*RECORDS TO PROCESS*:
◆ ◆ ◆
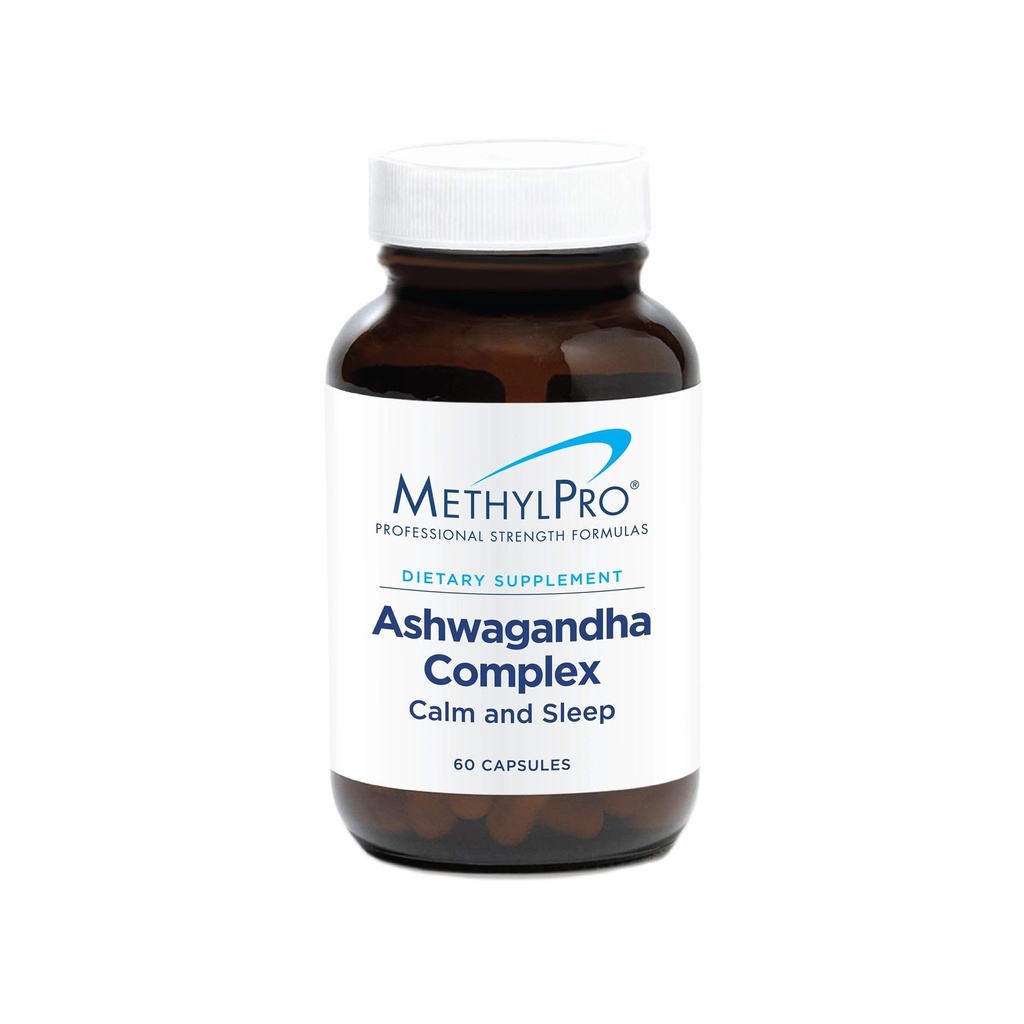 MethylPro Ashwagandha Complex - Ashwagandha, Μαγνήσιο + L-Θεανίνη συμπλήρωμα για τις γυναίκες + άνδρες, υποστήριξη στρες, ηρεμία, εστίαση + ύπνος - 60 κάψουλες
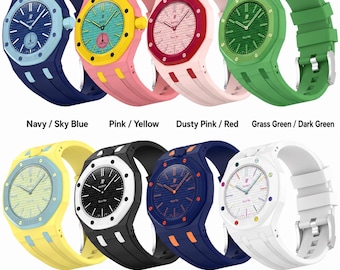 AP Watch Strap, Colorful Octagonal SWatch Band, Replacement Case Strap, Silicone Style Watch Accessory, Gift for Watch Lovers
◆ ◆ ◆
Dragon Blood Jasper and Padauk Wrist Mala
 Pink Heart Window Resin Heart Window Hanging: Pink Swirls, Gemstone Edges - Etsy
◆ ◆ ◆
I'd like the lines above repeated exactly, from the one that contains "MethylPro Ashwagandha Complex" through the one that contains "AP Watch Strap, Colorful", with no pictures.

*SOLUTION TO THE EXERCISE*:
 MethylPro Ashwagandha Complex - Ashwagandha, Μαγνήσιο + L-Θεανίνη συμπλήρωμα για τις γυναίκες + άνδρες, υποστήριξη στρες, ηρεμία, εστίαση + ύπνος - 60 κάψουλες
 AP Watch Strap, Colorful Octagonal SWatch Band, Replacement Case Strap, Silicone Style Watch Accessory, Gift for Watch Lovers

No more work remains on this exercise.